Et là encore, ils ont quelques questions pratiques. Faut-il être nus partout, par exemple ? « La piscine du camping est le seul lieu où il y a une obligation d’être nus, pour des raisons d’hygiène », répond Viviane Tiar, de la FFN. Sachant aussi qu’il y a une tolérance pour les enfants et les adolescents sur les sites. « Évidemment, on ne les force pas à être nus. »

Pour les adultes naturistes, se balader habillés sur un site naturiste peut être moins bien vu. Au point que cette « textilisation » inquiète de plus en plus la communauté, qui craint une perte des valeurs fondamentales. Ce sont « les naturistes qui ne prennent plus la peine de se dévêtir pour des raisons plus ou moins valables, note sur son site la Fédération des espaces naturistes (Fen). Soit par manque d’information des nouveaux arrivants, soit par le laisser-aller des anciens. »

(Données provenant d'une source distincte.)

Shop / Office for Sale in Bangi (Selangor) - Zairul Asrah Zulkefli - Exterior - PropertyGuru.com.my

Restent les usages, qui comme leur nom l’indique, s’apprennent plutôt sur place. « On n’a pas besoin de le dire entre nous, mais on aura toujours sur soi ce qu’on appelle un sous-cul, illustre Viviane Tiar. Généralement un paréo, pour des raisons d’hygiène et de respect de l’autre. » Aujourd’hui, les règles s’appliquent aussi au monde numérique, où les gens se lâchent souvent davantage que hors-ligne.

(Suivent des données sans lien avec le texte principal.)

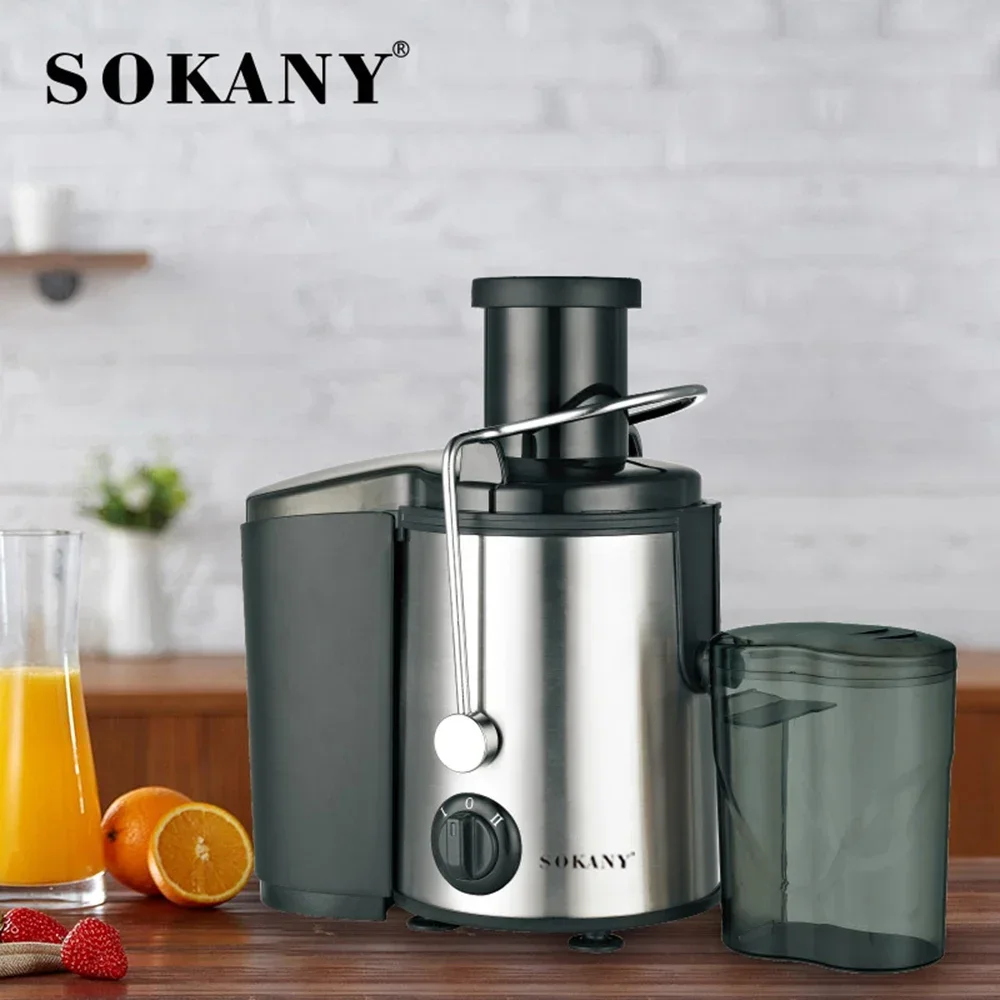 Intelligent Juicer, Portable Blender, Electric Fruit And Vegetable Juicer, Smoothie Grinder, Healthy Food Machine Blender 믹서기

Ce qui pousse les sites naturistes et certains internautes, comme la journaliste Melanie Mendelewitsch sur son compte Instagram, à rappeler ce que dit déjà la loi. « Je vais à Ibiza depuis que je suis née. Le naturisme fait partie de l’ADN de l’île. Je ne suis pas naturiste, mais je respecte cet art de vivre et ça me paraît évident que les naturistes n’ont pas du tout envie de se retrouver exposés sur Instagram à leur insu par des touristes. Ça montre la totale méconnaissance du lieu où les gens partent en vacances. »

Capture d’écran instagram | @MELNYMENDEL

D’où les précautions de Julien et Marylin, qui ont voulu bien faire en demandant sur un groupe Facebook si le naturisme était autorisé avant de partir en Crète cet été. « On a eu tous les sons de cloche, donc on verra sur place », avise le couple, pressé d’être en congés. « C’est le seul moment où l’on peut être nus dehors, donc on a hâte. » La prochaine étape ensuite pour eux ? « Convaincre nos amis ! »

Source : https://www.ouest-france.fr/societe/on-a-observe-comment-les-gens-faisaient-il-ny-a-rien-de-complique-naturisme-mode-demploi-0e26f45e-140b-11ee-ae57-25b1d1d54a03

1 réflexion sur “Un bel article de Ouest France : naturisme, mode d’emploi”

  1. Très bon article. Si seulement il pouvait être lu nationalement dans plusieurs édito.
    Souhaitons en cette fin d’année que nos contemporains, nos forces de l’ordre, nos hommes de loi et nos politiciens soient plus réceptifs à notre besoin de vivre libres; liberté, égalité, fraternité. N’est-ce pas ce que prône le naturisme?